**Task to complete:**
Starting from the line with "Brennenstuhl Presa multipla" and going up to and including the line with "Create meme: Dean", copy the listing below exactly. Leave all images out.

**Available data:**
◇ ◇ ◇ ◇ ◇ ◇ ◇
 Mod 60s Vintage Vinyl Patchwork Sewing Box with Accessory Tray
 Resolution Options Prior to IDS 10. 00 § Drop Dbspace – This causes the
◇ ◇ ◇ ◇ ◇ ◇ ◇
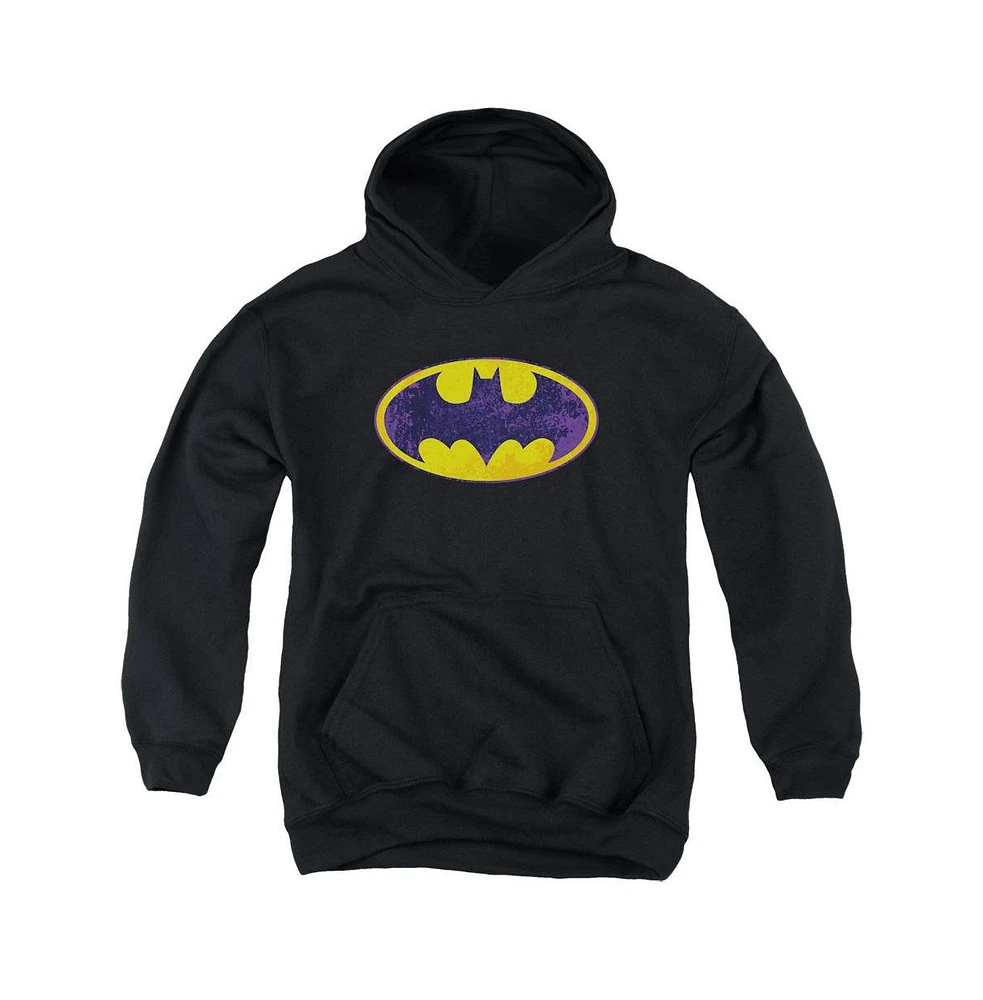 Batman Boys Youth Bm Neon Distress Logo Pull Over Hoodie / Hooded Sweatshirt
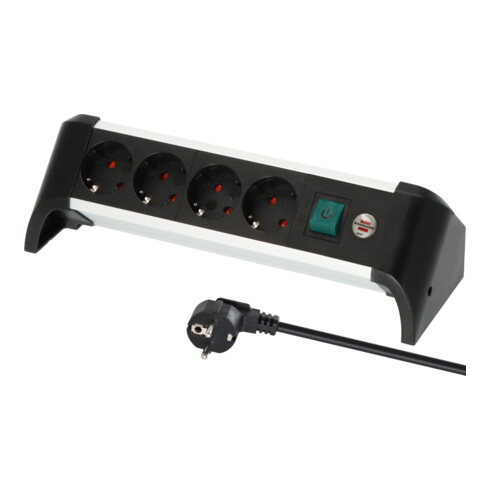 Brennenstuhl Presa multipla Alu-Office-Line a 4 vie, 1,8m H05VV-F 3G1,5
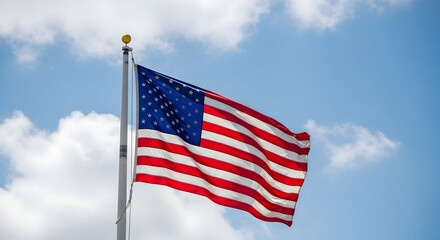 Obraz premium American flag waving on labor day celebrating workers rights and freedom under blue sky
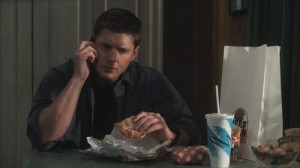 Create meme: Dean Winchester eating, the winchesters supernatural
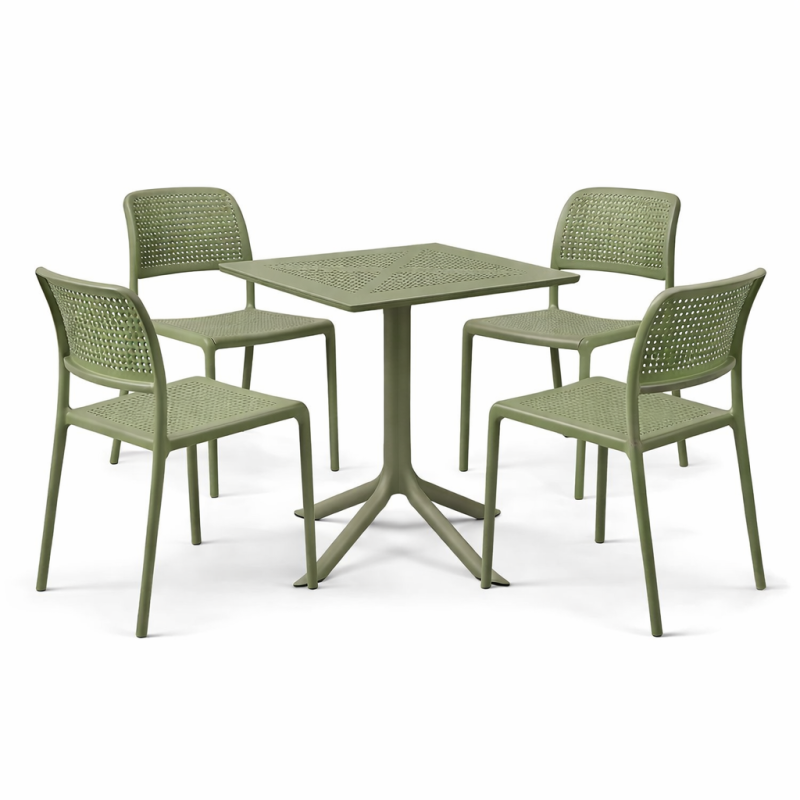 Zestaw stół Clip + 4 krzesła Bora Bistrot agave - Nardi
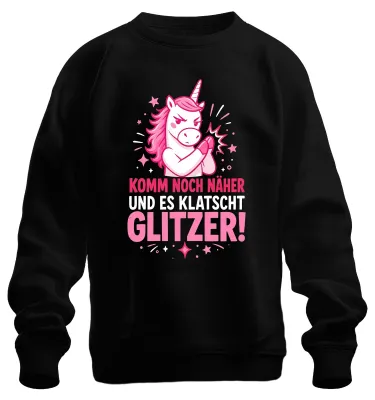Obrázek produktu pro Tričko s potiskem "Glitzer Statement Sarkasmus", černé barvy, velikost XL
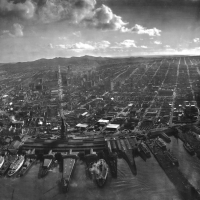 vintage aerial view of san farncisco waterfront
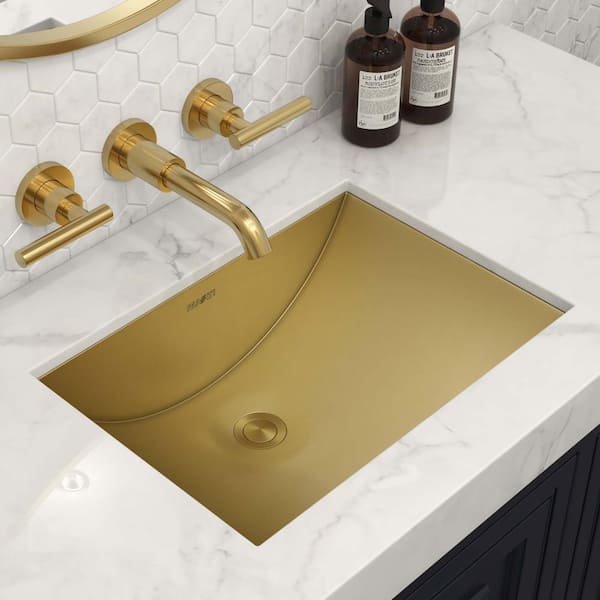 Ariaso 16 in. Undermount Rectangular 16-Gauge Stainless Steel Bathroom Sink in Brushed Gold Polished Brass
◇ ◇ ◇ ◇ ◇ ◇ ◇
**Exercise result:**
 Brennenstuhl Presa multipla Alu-Office-Line a 4 vie, 1,8m H05VV-F 3G1,5
 Obraz premium American flag waving on labor day celebrating workers rights and freedom under blue sky
 Create meme: Dean Winchester eating, the winchesters supernatural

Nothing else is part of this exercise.